%%

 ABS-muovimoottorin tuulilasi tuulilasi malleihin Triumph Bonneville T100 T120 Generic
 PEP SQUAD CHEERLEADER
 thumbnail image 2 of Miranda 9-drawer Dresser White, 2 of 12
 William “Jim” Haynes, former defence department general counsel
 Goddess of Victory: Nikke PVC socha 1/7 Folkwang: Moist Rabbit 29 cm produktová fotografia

%%
%%

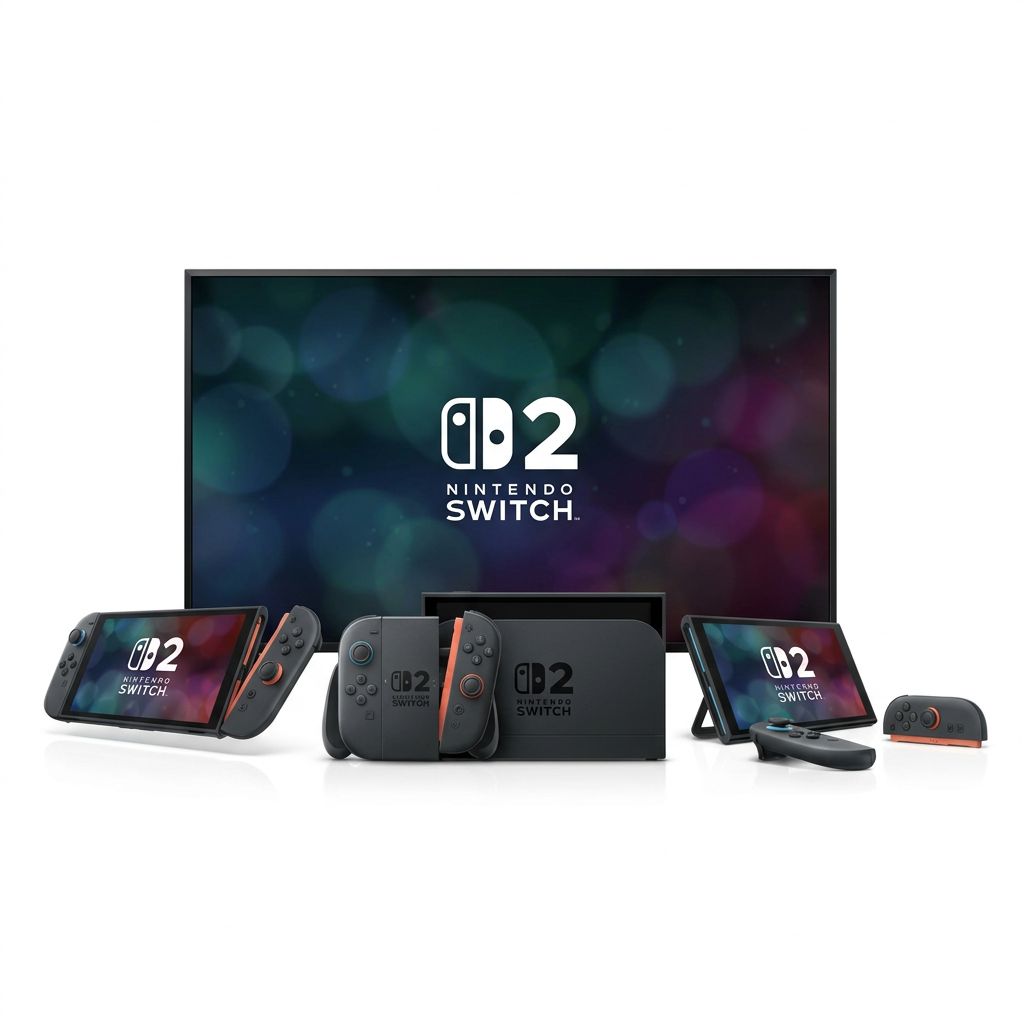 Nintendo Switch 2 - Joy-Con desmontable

%%

Only the lines above starting at the one containing "PEP SQUAD CHEERLEADER" and ending at the one containing "Goddess of Victory: Nikke", both included, are to be returned, exactly as they read.

 PEP SQUAD CHEERLEADER
 thumbnail image 2 of Miranda 9-drawer Dresser White, 2 of 12
 William “Jim” Haynes, former defence department general counsel
 Goddess of Victory: Nikke PVC socha 1/7 Folkwang: Moist Rabbit 29 cm produktová fotografia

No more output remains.